Re: [PATCH v6 0/6] Use killable vma write locking in most places

Posted by Suren Baghdasaryan 1 day, 21 hours ago

On Tue, Mar 31, 2026 at 2:51 AM Lorenzo Stoakes (Oracle) <ljs@kernel.org> wrote:
>
> On Fri, Mar 27, 2026 at 04:12:26PM -0700, Andrew Morton wrote:
> > On Fri, 27 Mar 2026 13:54:51 -0700 Suren Baghdasaryan <surenb@google.com> wrote:
> >
> > > Now that we have vma_start_write_killable() we can replace most of the
> > > vma_start_write() calls with it, improving reaction time to the kill
> > > signal.
> > >
> > > There are several places which are left untouched by this patchset:
> > >
> > > 1. free_pgtables() because function should free page tables even if a
> > > fatal signal is pending.
> > >
> > > 2. userfaultd code, where some paths calling vma_start_write() can
> > > handle EINTR and some can't without a deeper code refactoring.
> > >
> > > 3. mpol_rebind_mm() which is used by cpusset controller for migrations
> > > and operates on a remote mm.
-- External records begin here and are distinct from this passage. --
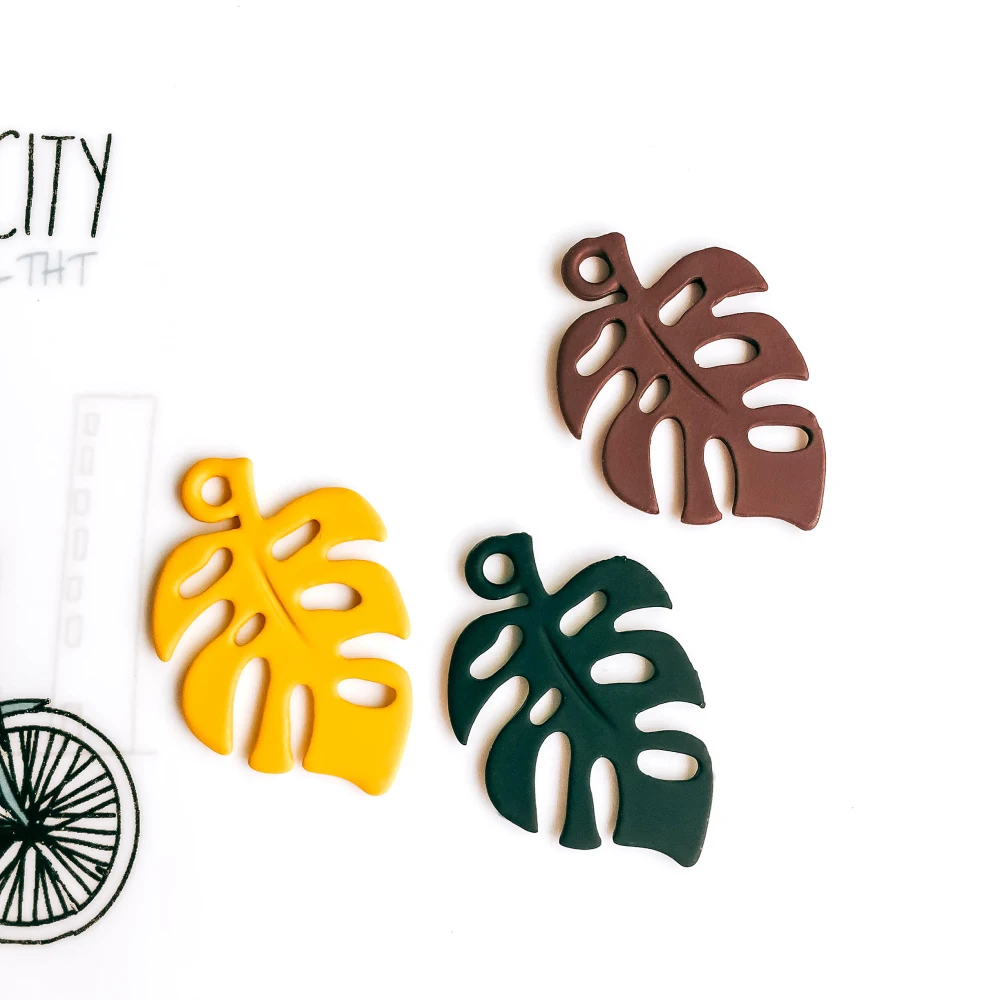 6 шт. серьги подвески в форме листьев|supplies for jewelry|earring accessoriesfor jewelry |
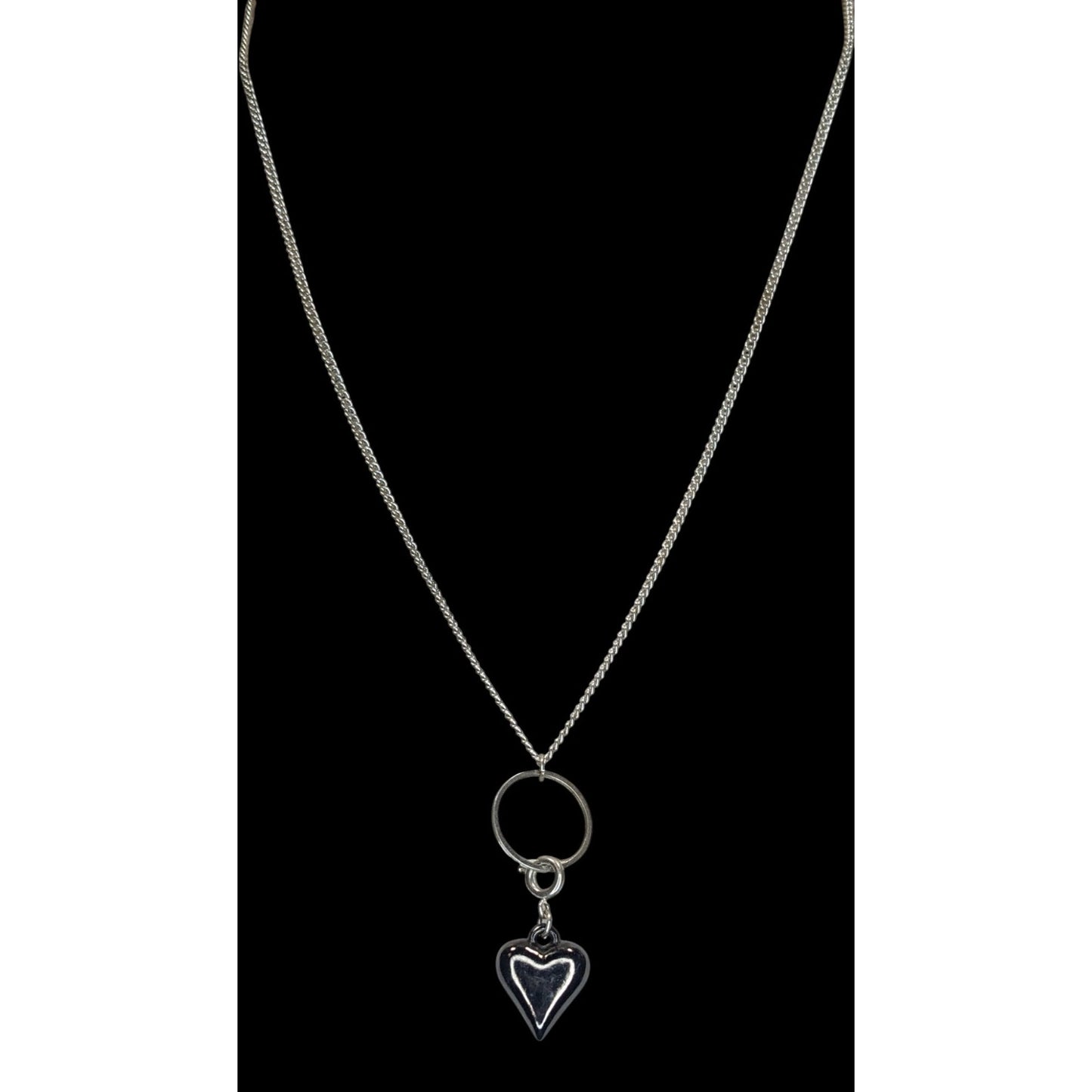 Claires Y2K Puffed Heart Pendant Necklace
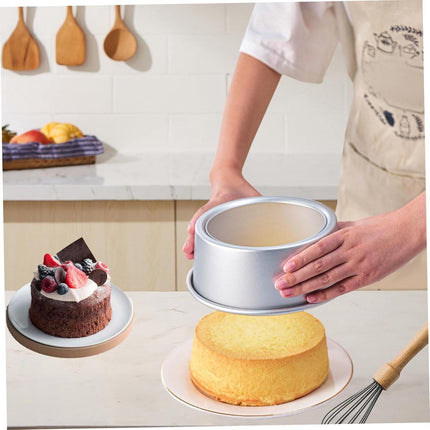 Cake Pans - 2-Piece Set - Round Cake Pans - Non-Stick Baking Pans - Aluminum Baking Pans 15cm and 20cm - Baking Pans with Removable Base - Round Pans - Baking Tools.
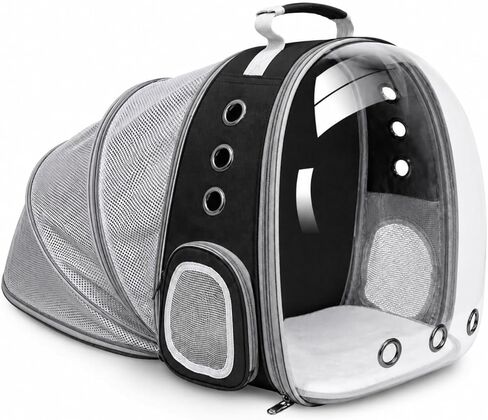 Expandable Cat Backpack Carrier, Breathable Clear Bubble Window Pet Carrier for Small Dogs and Cats up to 12 lbs, Airline Approved Travel Bag for Hiking and Outdoor Use (Back Expandable-Purple) in Kuwait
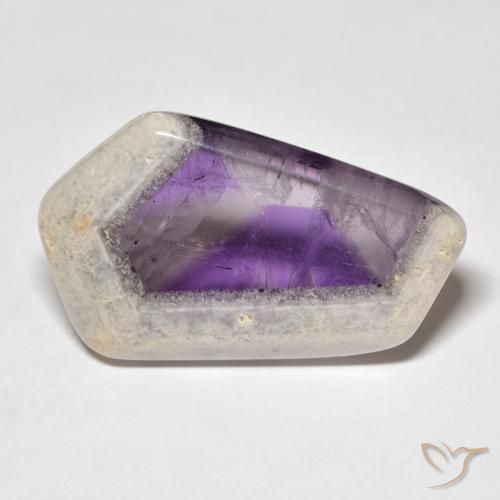 26.36ct Natural Multicolor Rebanada de geoda de amatista, Elegante, Transparente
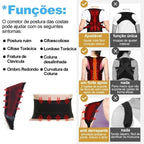 Colete Corretor de Postura Lombar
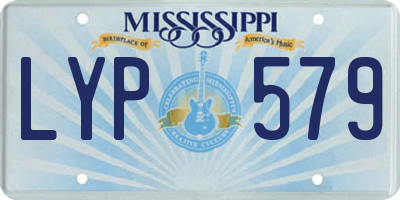 MS license plate LYP579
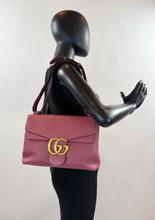 GUCCI MARMONT CALFSKIN LARGE GG MAUVE PINK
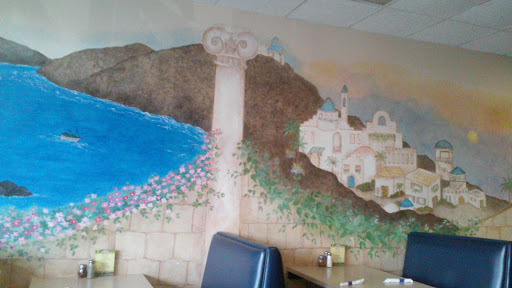 Full Wall Mural Of Greece @ Lakis 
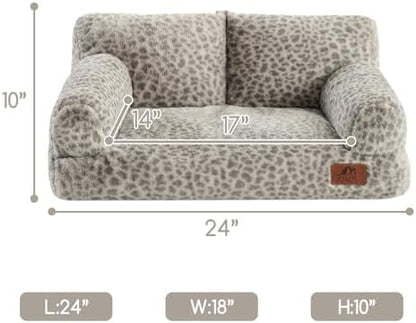 Hollypet Small Dog Large Cat Bed Puppy Couch Beds for Pets up to 25 lbs - Image 3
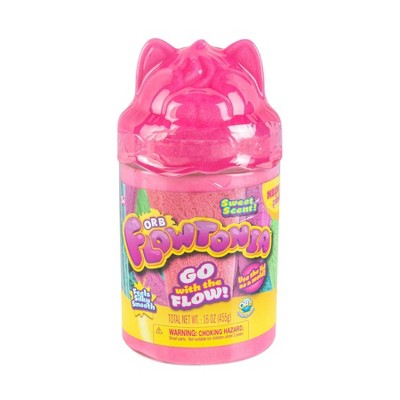 OrbSlimy Flowtonia Jar with Molded Lid - Pink Cat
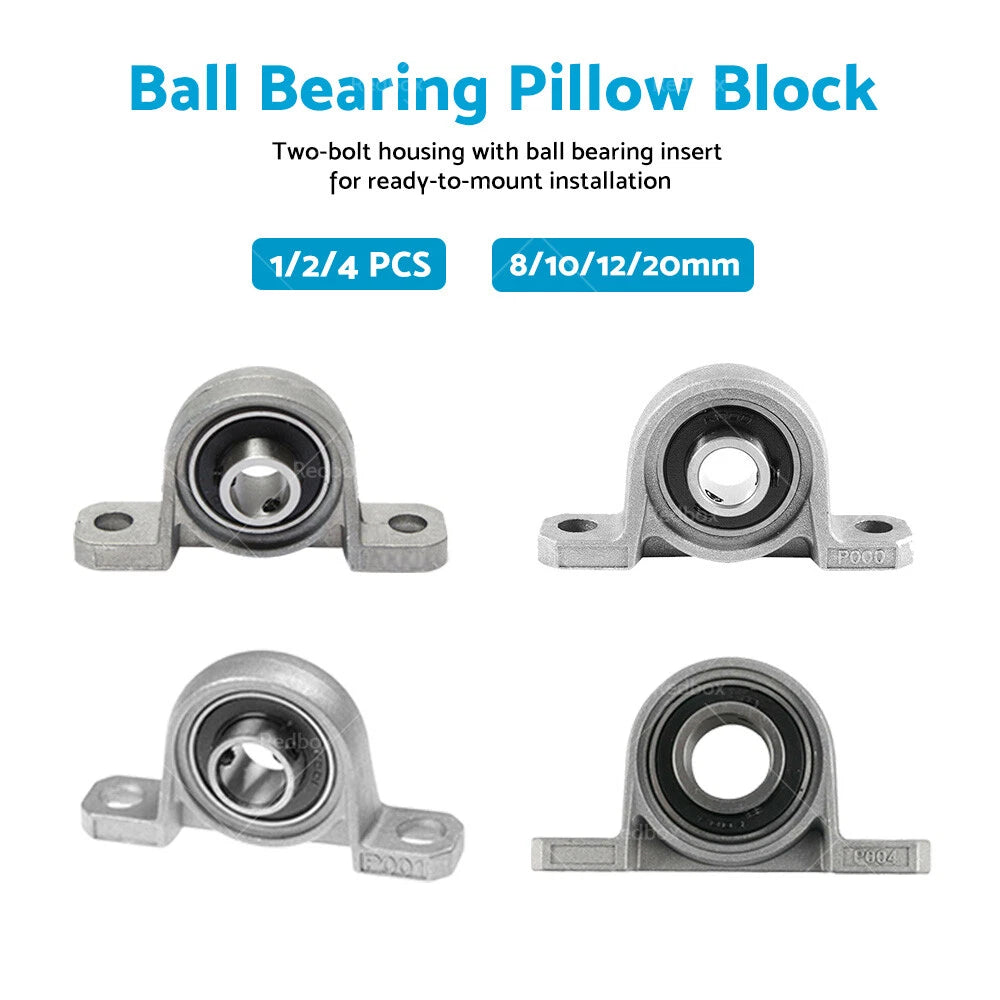 Pillow Block Ball Bearing for KFL001 (8/10/12/20mm ID) Zinc Alloy
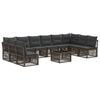 vidaXL Set Divano da Giardino 11 pcs Grigio polyrattan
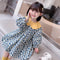 Vestido Infantil Estilo Princesa Coreano con Detalles Occidentales
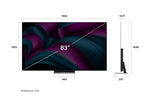 Lade das Bild in den Galerie-Viewer, 83 Zoll LG OLED evo AI C5 4K Smart Fernseher
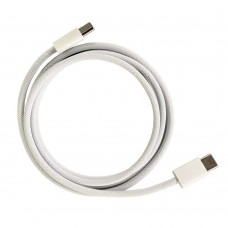 Кабель Apple textile 60W Type-C to Type-C (тех.пак)- белый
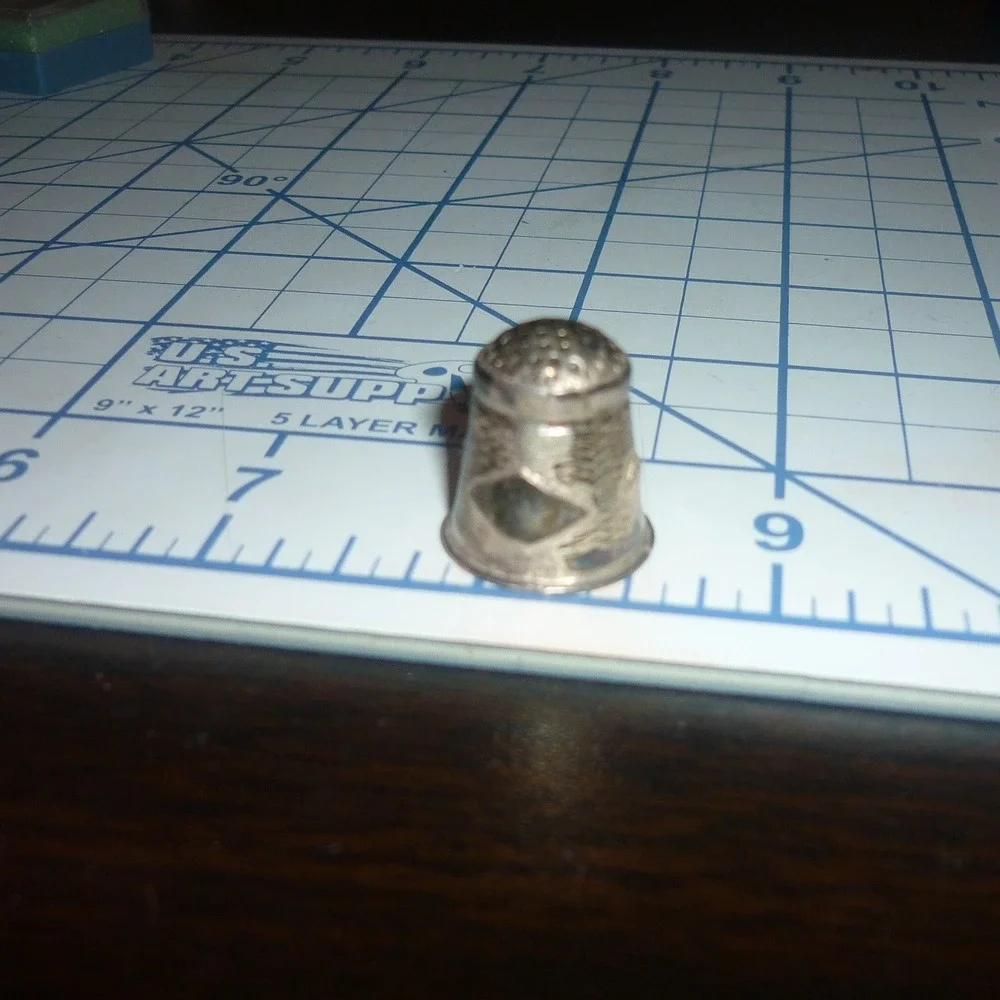 Antique Ketcham‎ McDougall Sterling Silver Flower Thimble Unengraved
Incomplete operations here would result
> > > in an inconsistent cgroup state.
> > >
> > > 4. vm_flags_{set|mod|clear} require refactoring that involves moving
> > > vma_start_write() out of these functions and replacing it with
> > > vma_assert_write_locked(), then callers of these functions should
> > > lock the vma themselves using vma_start_write_killable() whenever
> > > possible.
> >
> > Updated, thanks.
>
> Andrew - sorry I think we need to yank this and defer to next cycle,
> there's too many functional changes here.
>
> (There was not really any way for me to predict this would happen ahead of
> time, unfortunately.)

Ok, no objections from me. I'll post v6 removing the part Lorenzo
objects to and you can pick it up whenever you deem appropriate.

>
> >
> > > Changes since v5 [1]:
> > > - Added Reviewed-by for unchanged patches, per Lorenzo Stoakes
> > >
> > > Patch#2:
> > > - Fixed locked_vm counter if mlock_vma_pages_range() fails in
> > > mlock_fixup(), per Sashiko
> > > - Avoid VMA re-locking in madvise_update_vma(), mprotect_fixup() and
> > > mseal_apply() when vma_modify_XXX creates a new VMA as it will already be
> > > locked. This prevents the possibility of incomplete operation if signal
> > > happens after a successful vma_modify_XXX modified the vma tree,
> > > per Sashiko
>
> Prevents the possibility of an incomplete operation? But
> vma_write_lock_killable() checks to see if you're _already_ write locked
> and would make the operation a no-op? So how is this even a delta?
>
> It's a brave new world, arguing with sashiko via a submitter... :)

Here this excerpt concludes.